- Country of origin: United Kingdom
- Original language: English
- No. of series: 2
- No. of episodes: 52

Production
- Running time: 15 minutes (approximate)

Original release
- Network: BBC TV
- Release: 14 February 1955 – 23 September 1963

= Picture Book (TV series) =

British children's television series (1955–1963)

Picture Book is a BBC children's TV series created by Freda Lingstrom, first broadcast in 1955. It was the Monday programme in the Watch with Mother cycle. Initially introduced by Patricia Driscoll, the programme encouraged children to make things; Driscoll's catch phrase was "Do you think you could do this? – I am sure you could if you tried". She left the programme in 1957 to play the part of Maid Marian in the ITV series The Adventures of Robin Hood. Patricia Driscoll's episodes were repeated until 1963 when they were replaced by a new series of episodes with Vera McKechnie. The programme ran until December 1965 and replaced in the Monday slot by Camberwick Green in January 1966.
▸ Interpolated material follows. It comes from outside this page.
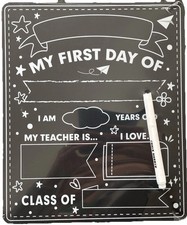 My First/ Last Day Of School Chalkboard Double Sided Sign 12 in X 10 in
The show's opening theme tune was Badinerie, the final movement of Johann Sebastian Bach's Orchestral Suite No. 2 in B minor.

Each Monday, Driscoll or McKechnie would open the Picture Book at a relevant page. Sometimes it would be shown to the camera at a distance, making the pages' content often brief and obscure. Alternatively, the presenter would simply tell the children what the next item would be, sometimes with a still photograph as a continuity link. It was something different every week. The 1963 series featured Sausage, a puppet dachshund who could speak a few words, voiced by Roy Skelton and who generally shared the presentation with Vera McKechnie.

The 1987 VHS release by BBC Video featured an episode including Sausage the puppet dog, the Adventures of the Jolly Jack Tars (a group of sailors), making paper lanterns, growing mustard and cress, and a regular cartoon of a little girl called Bizzy Lizzy, who had a magic flower. The 'Bizzy Lizzy' inserts for Picture Book were narrated by Maria Bird, who also narrated Andy Pandy, The Woodentops and The Flowerpot Men. A further episode was included on a Watch with Mother 2 video released in 1989. The main feature involved the creation of hills and a valley using a sand tray, an item featured regularly in the programme. Both episodes were taken from the 1963 series, presented by Vera McKechnie.